Message: Husband Wants Double Anal
Melissa: Hi everyone, I’ve been happily married for almost 10 years. For the past 12 years, I have only done anal sex. In the last couple of years, my husband and I have been sporadically enjoying double anal with a toy, which I really like.
Recently, my husband started expressing his interest a few times in stepping up to real double anal that includes a friend of his or going to a swinger club, like a “sharing your wife” or “gangbang” event. I told him I needed time to think about it. Internally I was shocked! I was raised in a Christian family, though I am not very religious anymore, but some values from that background still influence me in my world views.
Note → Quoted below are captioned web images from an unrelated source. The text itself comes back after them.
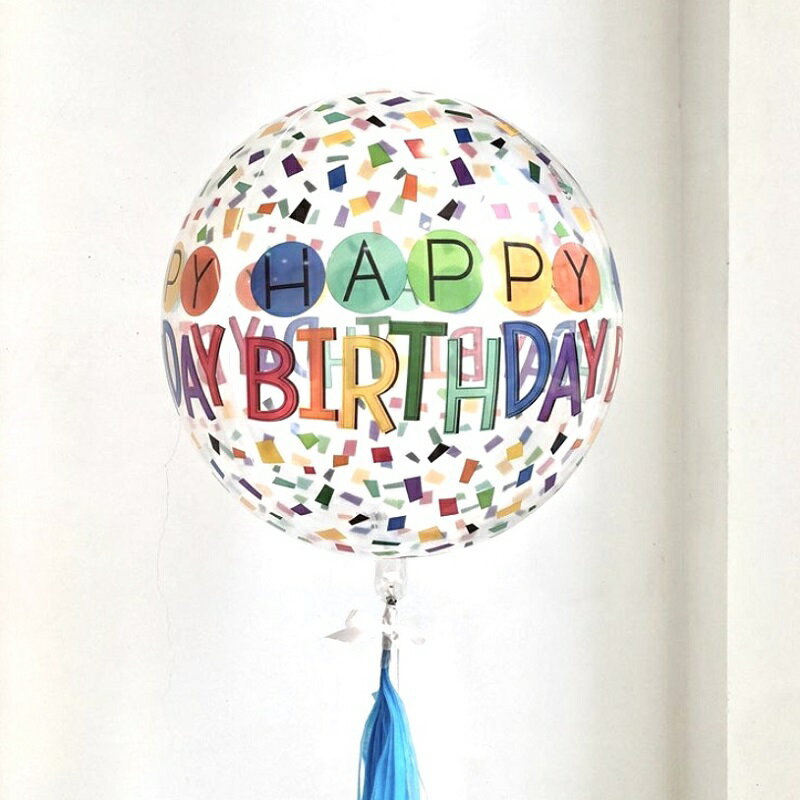 ins彩虹紙屑波波球4D球生日快樂happy birthday氣球派對布置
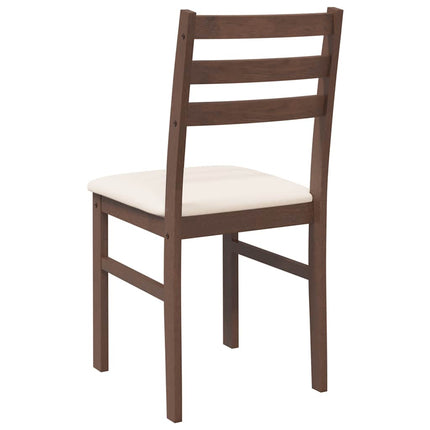 Chaises à manger coussins 2 pcs marron bois massif caoutchouc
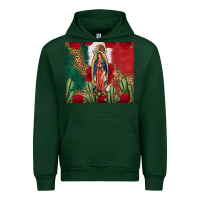 Forest Green Our Lady Of Guadalupe Mexican Flag Roses Cactus Urban Hoodie - FaDigitalArtStudio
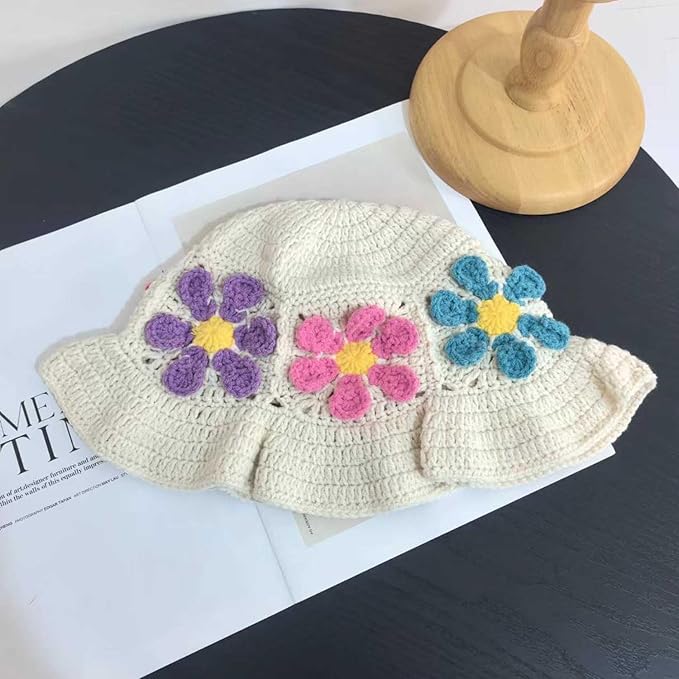 Crochet Bucket Hat for Women Flower Knit Hat Hollow Out Foldable Cap Hats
I have secretly dreamed though about being in a double anal gangbang, but this is just a fantasy my husband doesn’t know about.
This is a topic I don’t want to discuss with my friends nor with my husband. I hope to find advice here.
My concerns are these: His request makes me feel as if I’m not good enough for him anymore or wonder if he loves me less. Taking this step makes me feel like I might be betraying him and our marriage or even becoming a “whore” because now I had sex with more men.
Also, what if I like this new experience and it changes our relationship because I want to have it on a regular basis? How do I handle the possible changes?
It sounds like you have a wonderful life and marriage, and it’s so fantastic that you’ve been anal only for the past 12 years. That’s definitely something to be proud of!
It sounds like the physicality of double anal is already something that you enjoy, as is the fantasy of a gangbang, but you aren’t sure if you want to take that step with additional partners. I would suggest making double anal a more regular thing with your husband and toys, leaning into the fantasy together but still with just the two of you, and then after a few months, revisit the idea and discuss together how you would like to approach trying it, and talk through potential concerns. You say that you don’t want to discuss it with him, but communication in the relationship is key with anything, especially something like this.
I will say this: your husband wanting to try this you is not likely a sign he loves you less, but likely that he adores you and wants to try something you both enjoy together along with additional partners. It’s not a betrayal of him or becoming a “whore”, it’s a celebration of what you have together and expanding it to trying an experience that you might both love.
Very likely you will both love the experience and want to do it more regularly. Having that baseline of regular DAP with a toy will help with that as you decide how best to introduce other partners into your routine.